According to a statement released by the US embassy in Cairo, the delivery of the new F-16 warplanes confirms the two nations’ joint commitment to regional security.
“Today’s ceremony demonstrates the firm belief of the United States that a strong Egypt is in the interest of the US, the region, and the world,” said US Ambassador to Egypt Anne Patterson. “We look to Egypt to continue to serve as a force for peace, security and leadership, as the Middle East proceeds with its challenging yet essential journey toward democracy.”

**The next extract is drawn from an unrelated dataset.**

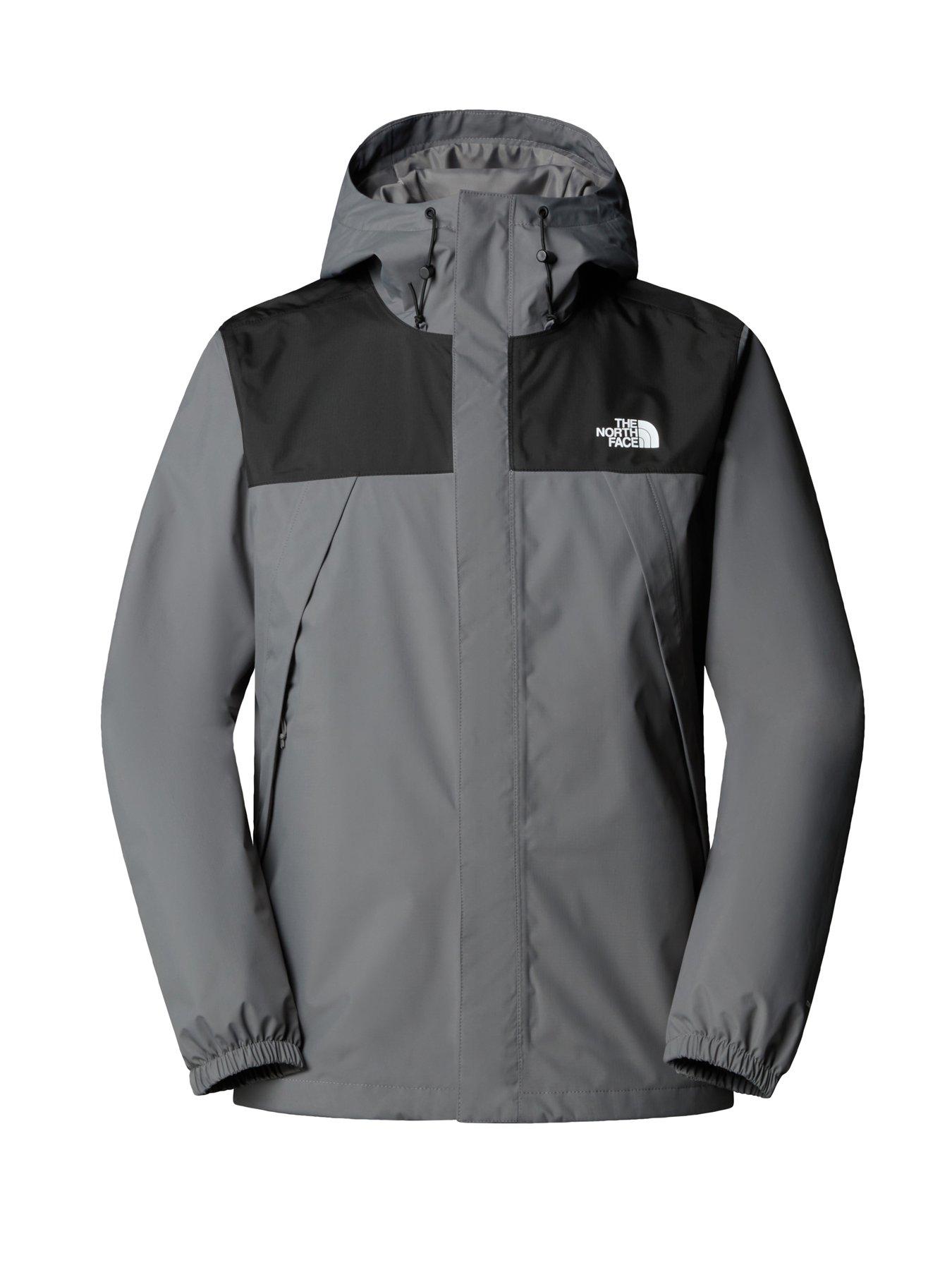 The North Face Men's Antora Jacket Grey Very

The delivery is part of a total of 20 F-16s destined for Egypt this year. According to the embassy statement, the US has delivered 224 of these warplanes to Egypt to date. “Our thirty-four year security partnership is based upon shared interests and mutual respect,” Patterson said. “The United States has long recognised Egypt as an indispensible partner.”
The multirole fighter jets are part of the $1.3bn in aid given annually to Egypt after the Egypt-Israeli peace treaty was signed in 1979. The US embassy statement said the assistance is aimed at improving Egypt’s defensive capabilities and supporting “its contributions to regional security that counter terrorist threats”.
According to the US Congressional Research Service, Egypt spends roughly 30% of the funds on new weaponry in an effort to phase out older Soviet technology with US equipment. Each fighter jet in turn costs upwards of $14m.
The decision to continue supplying Egypt with military hardware comes at a time when the political instability has raised serious questions from within the US government about the responsibility of handing the Egyptian government new weapons. Nevertheless the new US secretary of defence Chuck Hagel said in his confirmation hearing that it was ultimately President Barack Obama’s decision to continue the aid, and that aid should be conditional.
Earlier last week Republican Senator Rand Paul attempted to pass a bill forbidding the “sale, lease, transfer, retransfer, or delivery of F-16 aircraft, M1 tanks, or certain other defence articles or services to the Government of Egypt,” but failed to garner a majority at the Senate, who voted overwhelmingly in favour of continuing to allow military aid to Egypt.